____ Source data

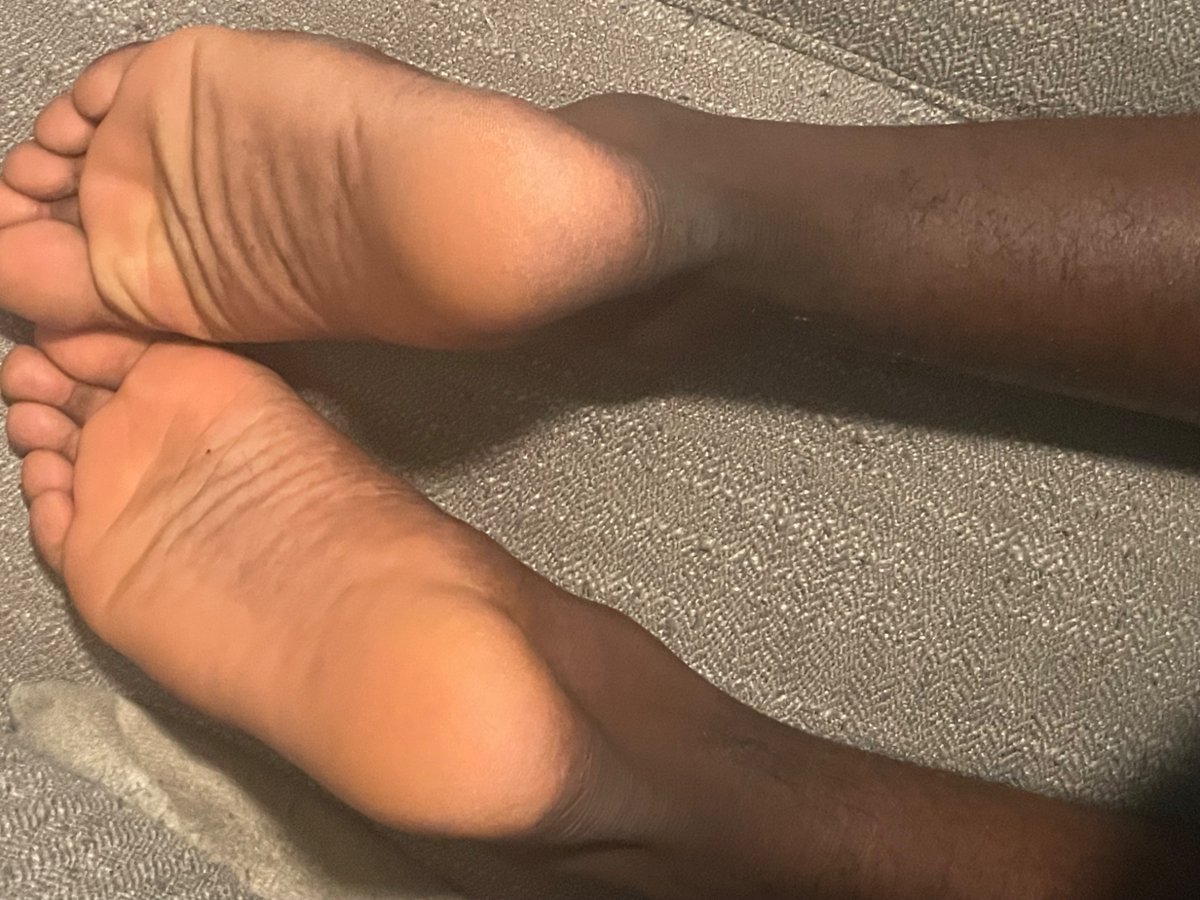 999Footguy's tweet photo. My soles https://t.co/EqL6tNWoAk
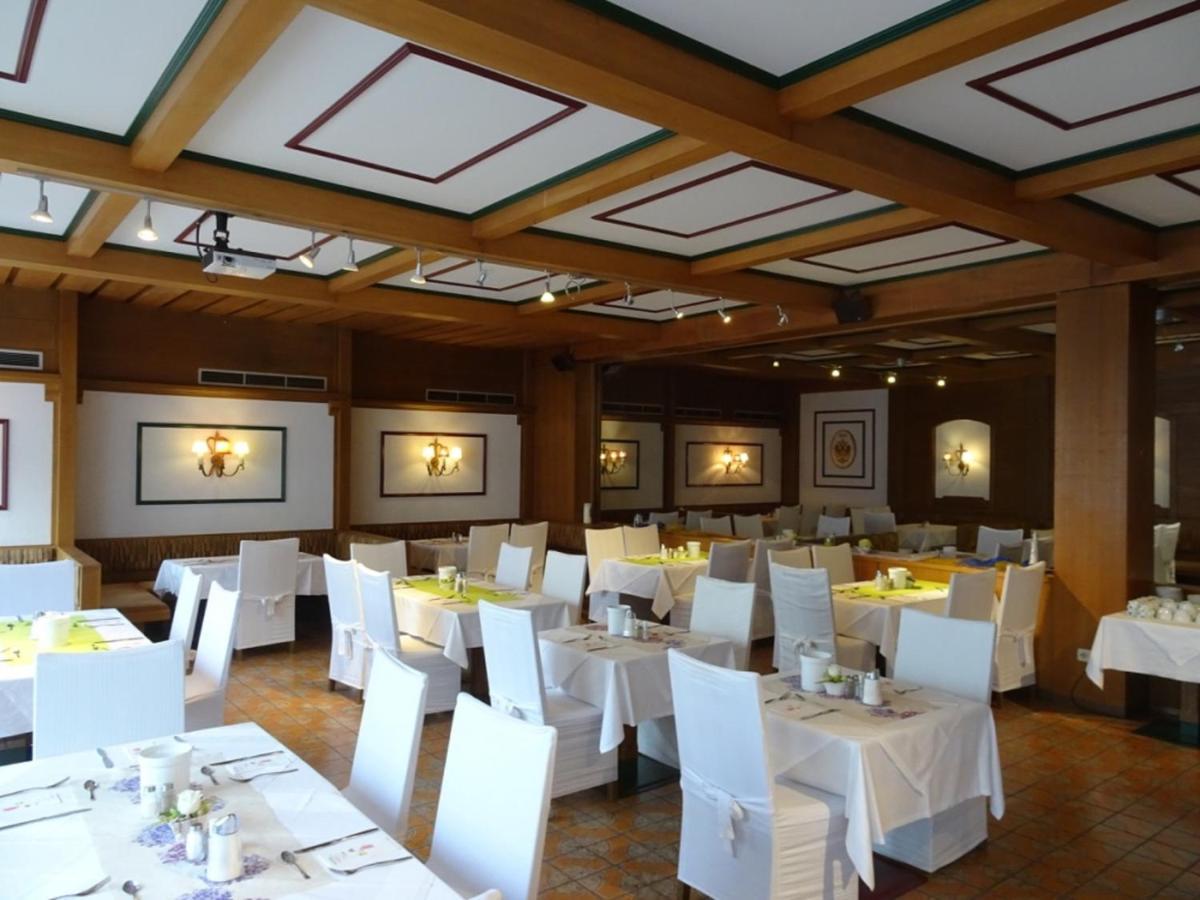 Hotel Die Traube Admont Bagian luar foto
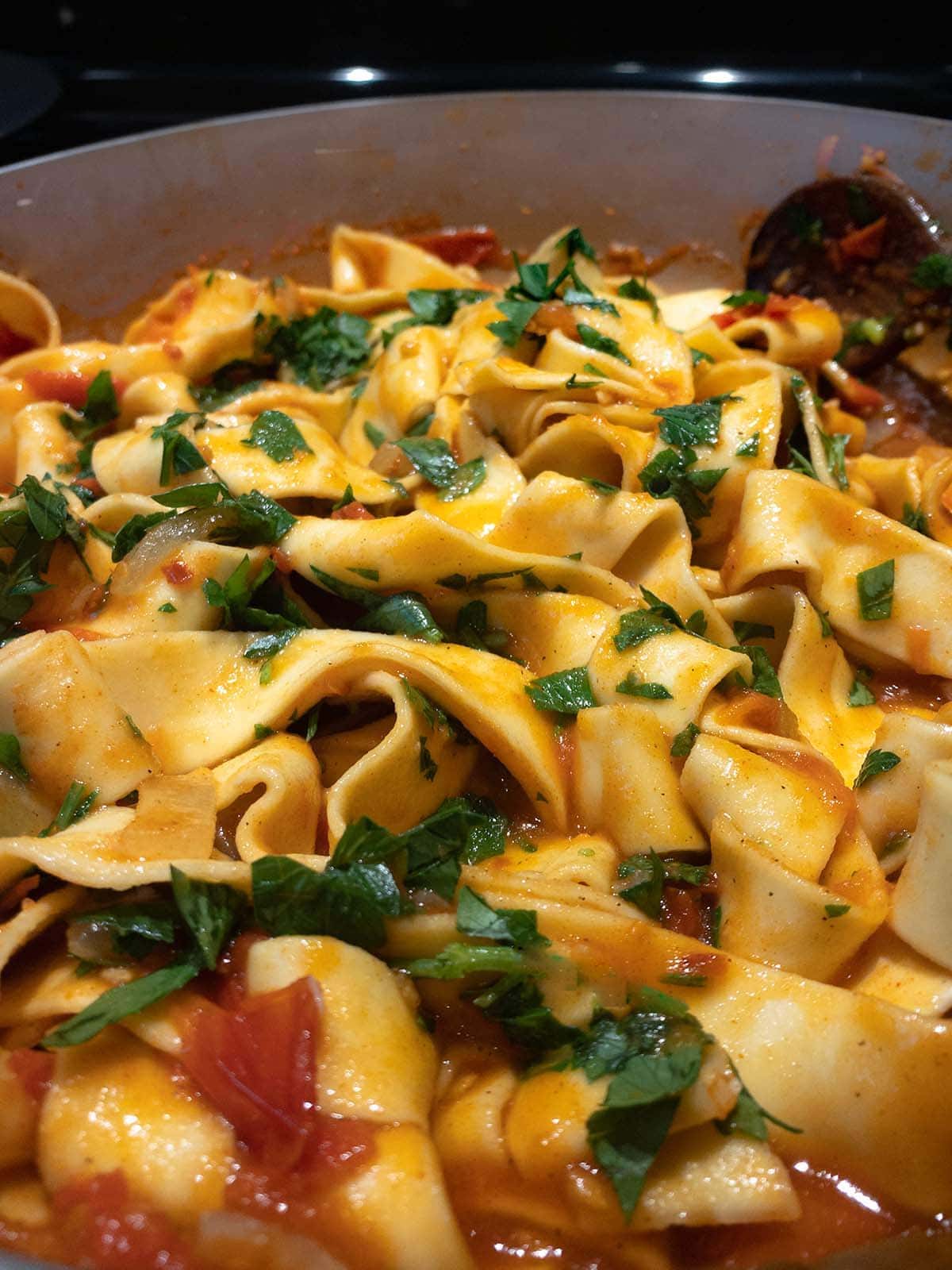 Pappardelle in fresh tomato sauce - in a pan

________

> [Aim of the exercise]: Reproduce, exactly and without pictures, the lines above from the one containing "Hotel Die Traube Admont Bagian luar foto" through the last line of the material, both ends included, and nothing more.

> [Result]:
 Hotel Die Traube Admont Bagian luar foto
 Pappardelle in fresh tomato sauce - in a pan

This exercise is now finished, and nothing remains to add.